In fact, he invites the stadium, seeing it as a crucial part of that strengthened city core.

"A lot of people that are very supportive have remained quiet or sat on the sidelines even though they believe in it," he said. “I think there’s a lot of people that do know the Crossroads, but I think that this brings a whole new tourist, or a whole new person that knows nothing about the Crossroads, that comes down to a Royals game and then gets to explore the Crossroads and find businesses that they’ve never tried before. And I think that’s a special opportunity for the Crossroads and for the Kansas City community.”

Abbott does stand to make money if the Royals raze his properties, but he says that compared to the rest of his much larger property portfolio, it wouldn't be a huge financial difference-maker for him.

He says his ultimate goal is the health and development of the larger area.

"My long-term plan is how to bring people back to the urban core and how to make community happen," Abbott said.

He also brought up a comparison to other downtown ballparks.

"There's an energy. People are walking up and down the streets. There's a liveliness to it," he said. "You're not just going to the game, parking and then leaving afterwards. You're going to the game, you're getting there early, you're having a drink, you're going out to grab a bite to eat. You’re walking around, you’re exploring our community.”

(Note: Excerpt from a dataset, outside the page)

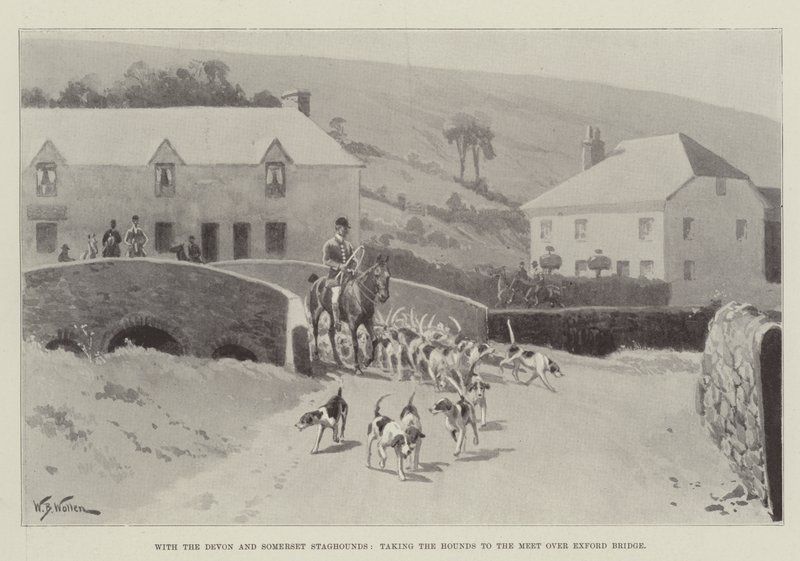 Med Devon och Somerset Staghounds, ta Hounds till mötet över Exford Bridge av William Barnes Wollen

He says he's offering relocation to new Crossroads developments of his for his tenants that may have to move locations.

As for ones that don't have to move, he expects construction, a primary complaint from opposition, may not be as disruptive as others have said.

“I actually owned properties underneath and all around the MLS stadium when it was built in St. Louis" he said. "Construction really had very minimal impact on all of our tenants in that neighborhood. I just don’t think that construction is as big of a deal as people think it is."

He says his goal, the part of his vision a stadium completes, is a thriving economic core.

"You know, I'm not trying to convince anyone whether they should vote yes or they should vote no," he said. "What I do believe is that this is our community and you should take the time to understand the facts and not just the rumors and the stories that have been spread out there."